La desgana de Abu-l-Kasen

En 1986, el escritor franco-libanés Amin Maalouf (Príncipe de Asturias de las Letras 2010), en su novela ‘León el Africano’, en la que narra de forma novelada la biografía del gran viajero granadino del siglo XVI que responde a ese mismo nombre («Soy hijo del camino, caravana es mi patria y mi vida la más inesperada travesía»), se hace eco de una historia que sucedió en el antiguo reino de Granada, de donde parte.

El penúltimo rey nazarí, el depravado Abu-l-Hasan, llamado Mulay Hasan o, por los cristianos, Muley Hacén o Mulhacén (de ahí el pico de Sierra Nevada), nacido en esta ciudad en 1214 y muerto en Túnez en 1286, reunió una mañana de sol a los más fieles de entre su séquito en el hermoso patio de los Arrayanes de la Alhambra para que contemplaran la belleza sin par de Soraya (anteriormente Isabel de Solis), a quien eligió de entre sus esclavas cristianas a cambio de su esposa Fátima, que pasó a un segundo plano en el harén.
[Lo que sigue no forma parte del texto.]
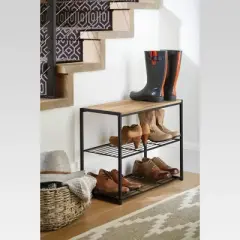 3 Tier Shoe Rack Black Metal with Natural Wood - Brightroom&trade;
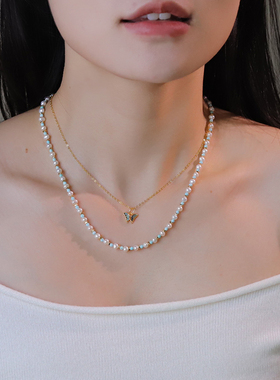 微合天然珍珠纯银蝴蝶锁骨链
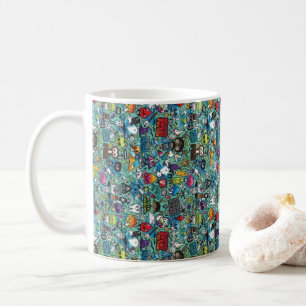 Buntes Kritzelmuster-Kaffeetasse Süße Cartoon- Kaffeetasse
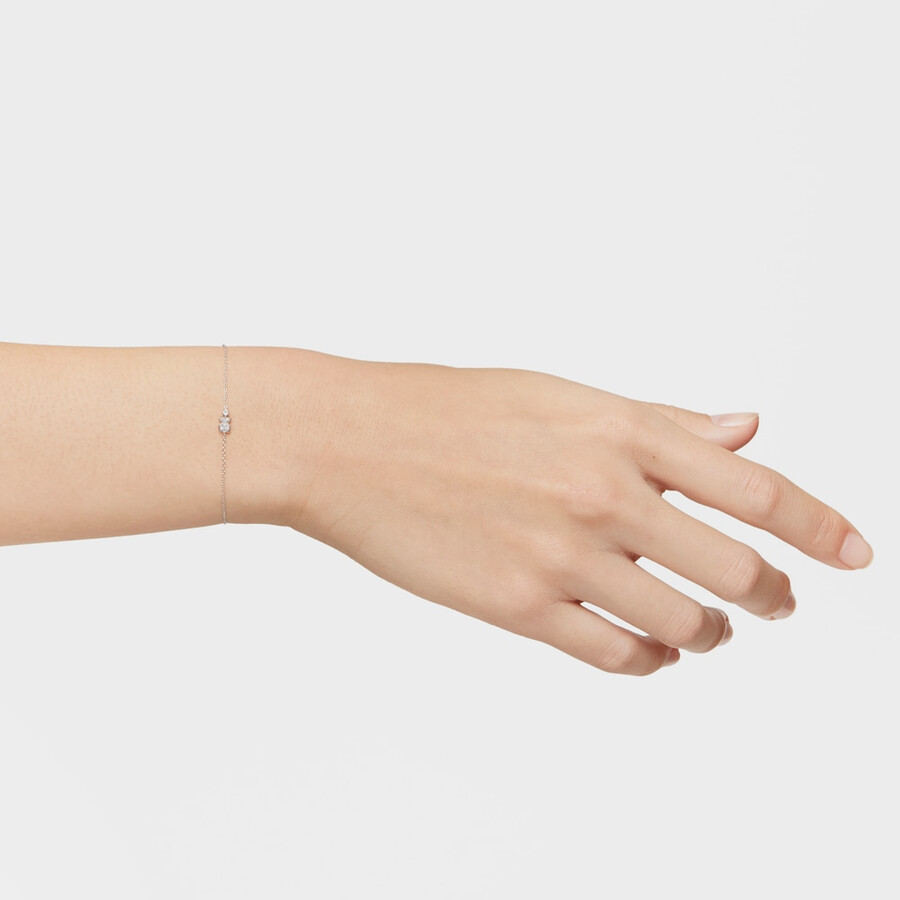 bracciale a catena con orso in oro bianco e diamanti tous grain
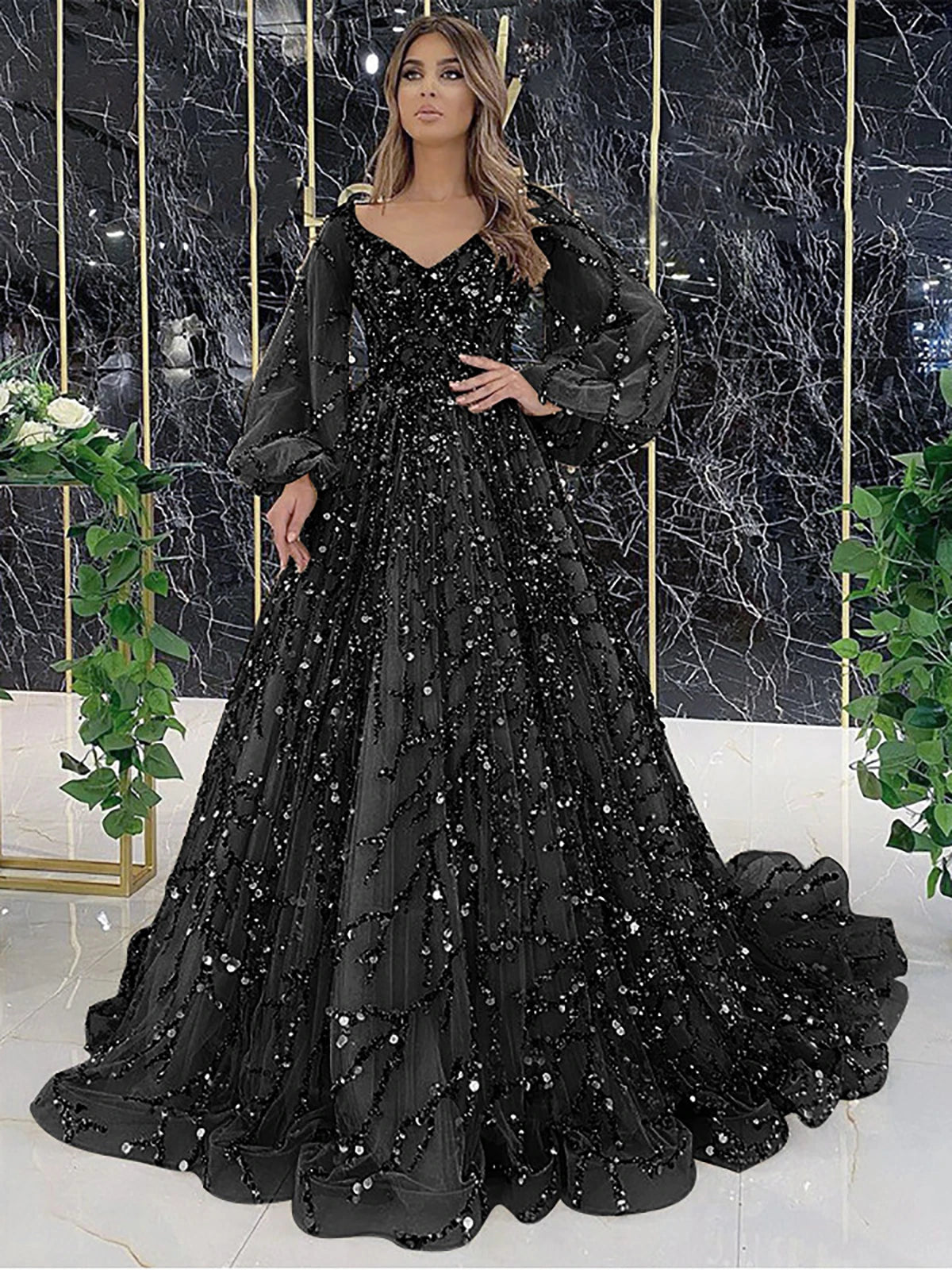 Women Luxurious Elegant Dress Solid Mesh Patchwork Puff Sleeve High Waist V-Neck Party Maxi Dress Lace Evening Prom Club Dresses
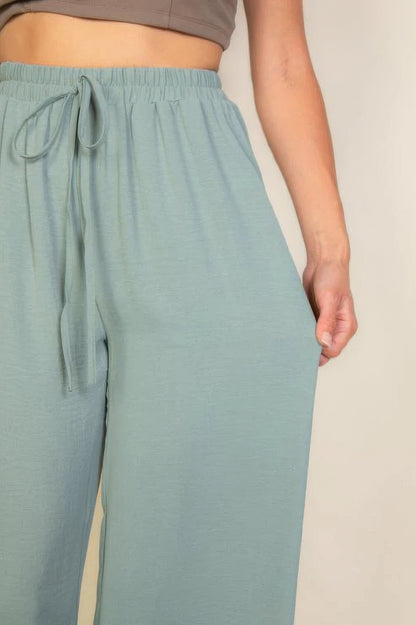 Dragonfly Lane Boutique Drawstring Waist Wide Leg Minimalist Pants APPAREL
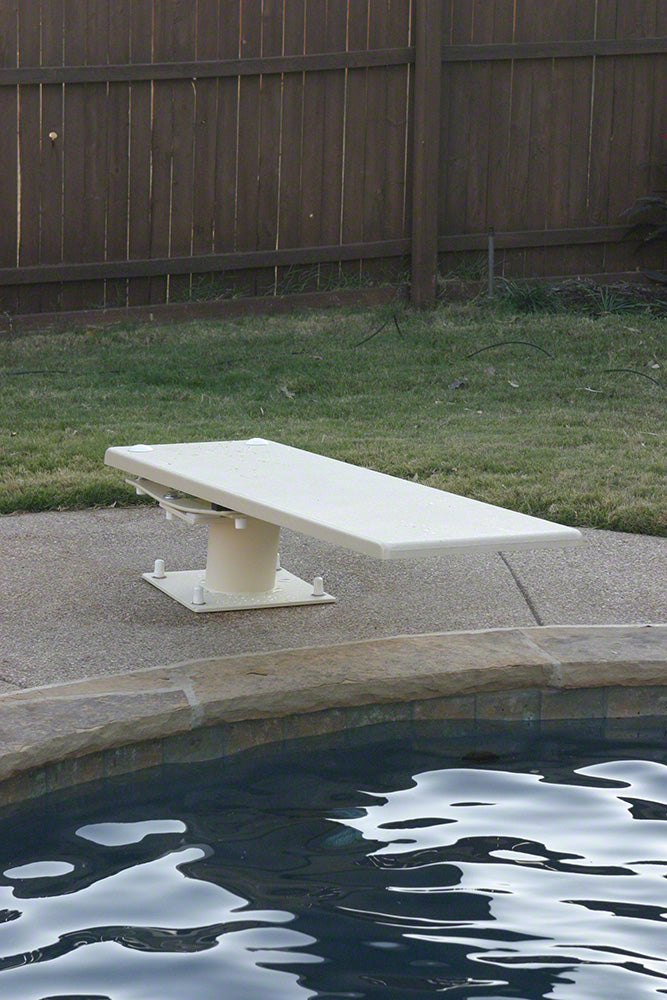 Cantilever 608 Stand With 8 Foot Frontier III Diving Board - White Stand - Pewter Gray Board With White Tread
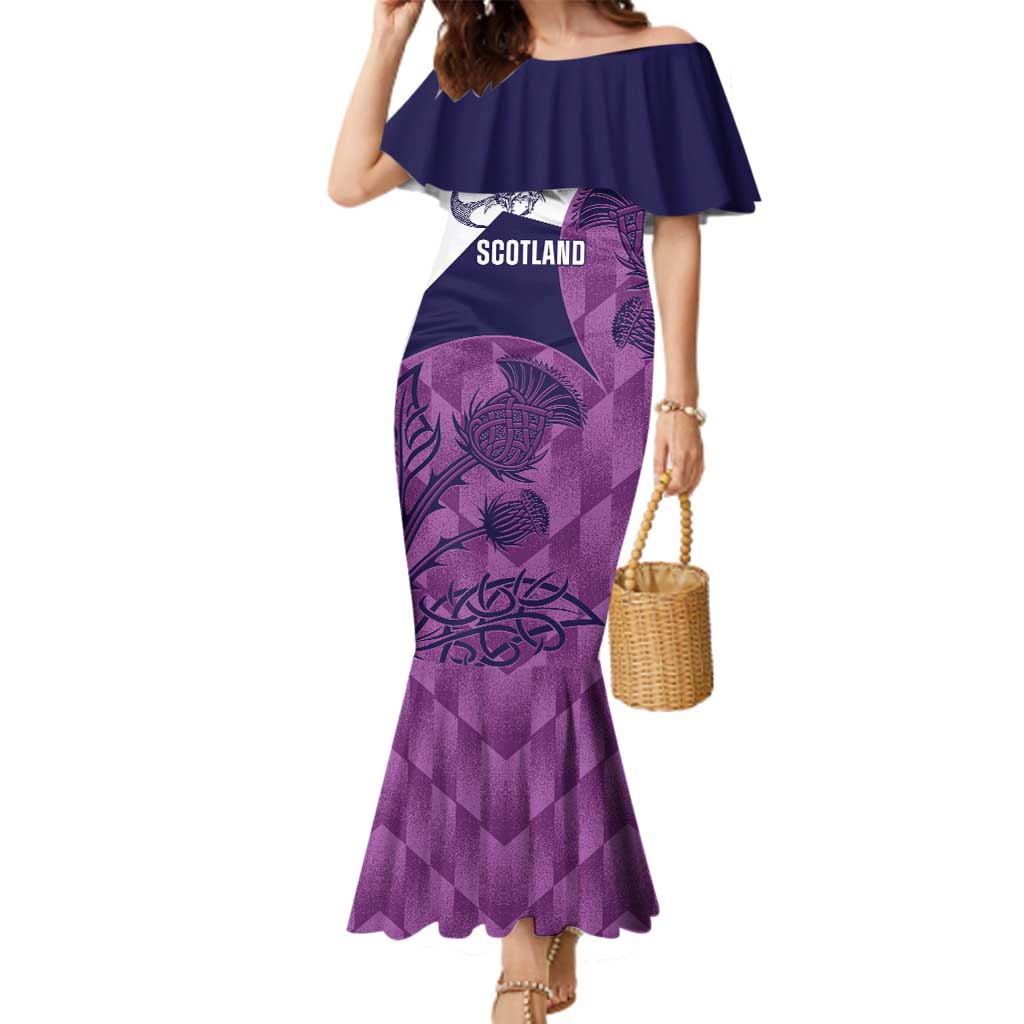 Scotland Rugby Custom Family Matching Mermaid Dress and Hawaiian Shirt Go Scottish Thistle Purple Version - Wonder Print Shop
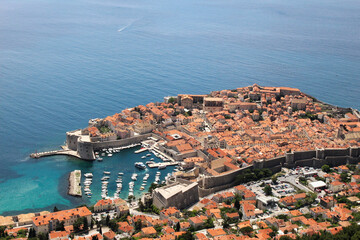 Panorama of old city Dubrovnik in a beautiful summer day, Croatia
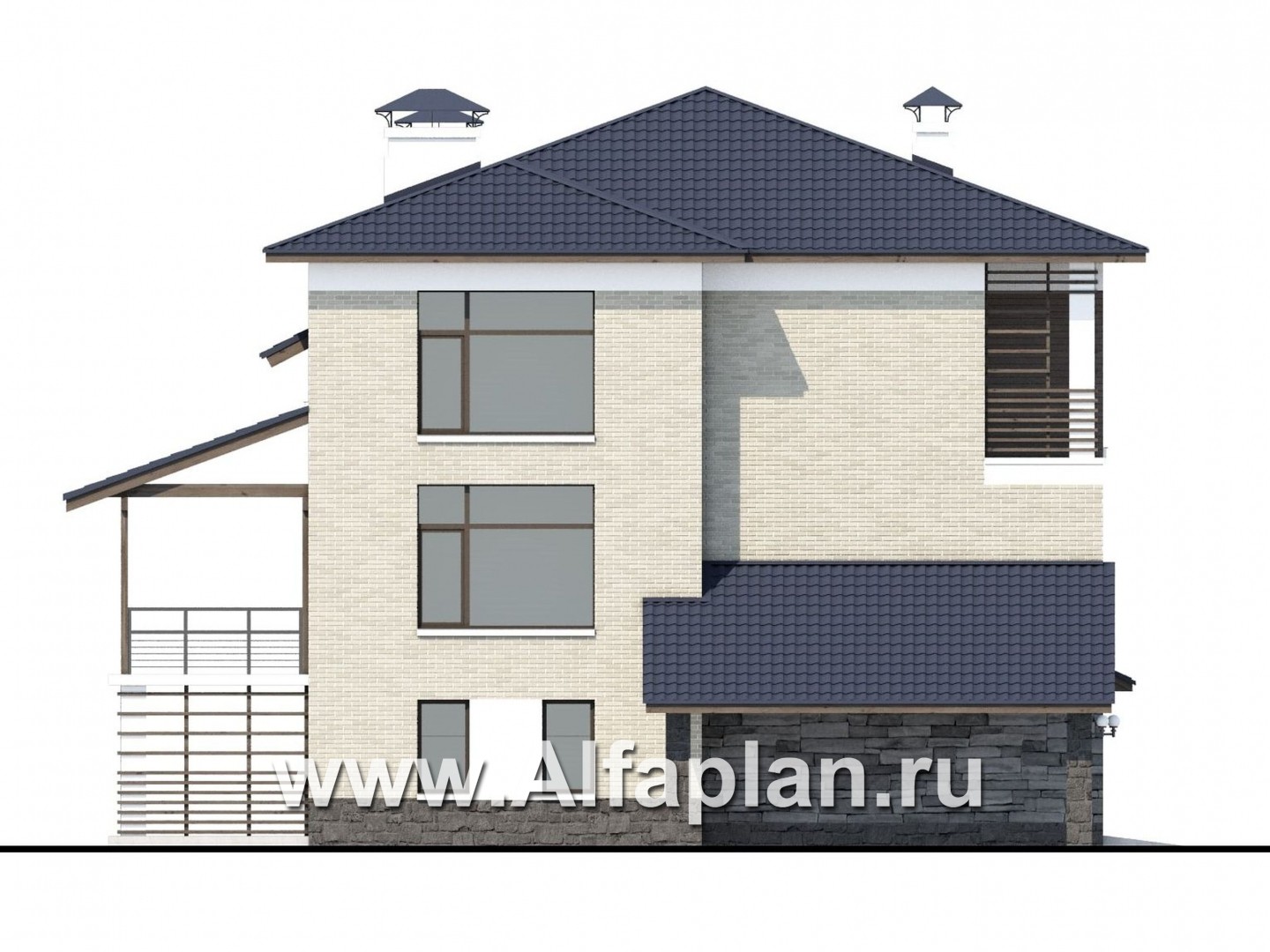 Проекты домов Альфаплан - «Линия горизонта» - современный коттедж с гаражом в цоколе - изображение фасада №3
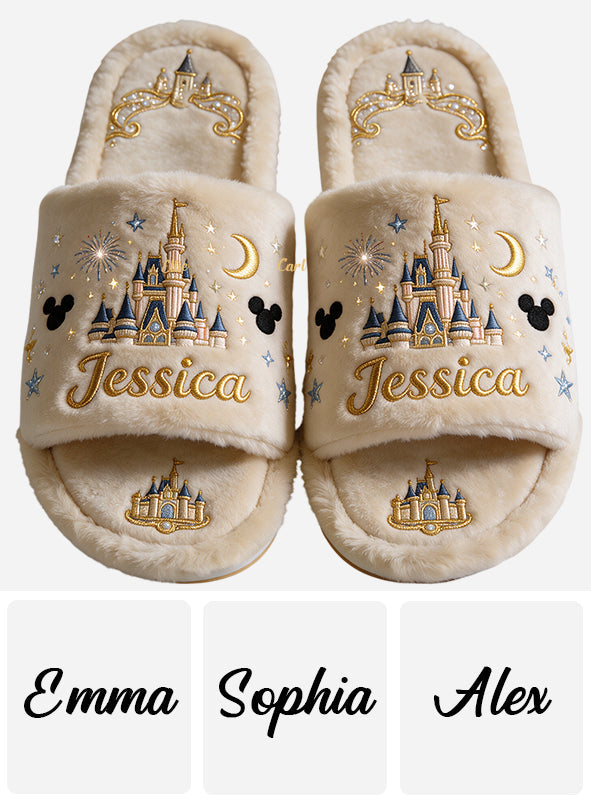 Believe In Magic - Personalized Mouse Open-Toe Slippers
Para que la evaluación fuera completa, sin cartón ni trampa que valer pudiera, el sultán puso una tina de mármol verde con agua tibia y aromada junto al estanque e hizo que su favorita se desnudara por entero y tomara un baño a la vista de los presentes.

Una vez acabadas las abluciones de la beldad bajo la mirada atenta de los nobles reunidos, el príncipe invitó a cada uno a beber un pequeño tazón del agua de la que acababa de egresar su amada, que había sido bendecida no más por el cuerpo adorable de su querida. Los principales, bien afeitados y con sus mejores galas, etiqueteramente comenzaron a extasiarse y a encumbrar en prosa y en verso el maravilloso sabor y el gusto tan exquisito que había adquirido el líquido que albergara los recientes chapoteos de la hembra divina.

¿Todos? Todos no. El visir Abu-l-Kasem Venegas (de los Venegas de Granada), lejos de inclinarse sobre la real bañera, permaneció hierático en su sitio. De manera digna y silenciosa no se movió un ápice. La cabeza alta, la mano enterrada en la barbilla y el pie derecho adelantado ligeramente rubricando su negativa a probar tal bebedizo.

Su insolente actitud no escapó al juicio del monarca que, manifiestamente amoscado, le preguntó la razón al engreído sin vergüenza.
El visir Abu-l-Kasen, sin que ni siquiera le temblara una pestaña, respondió: «Majestad, temo que al probar la salsa me apetezca de pronto la perdiz».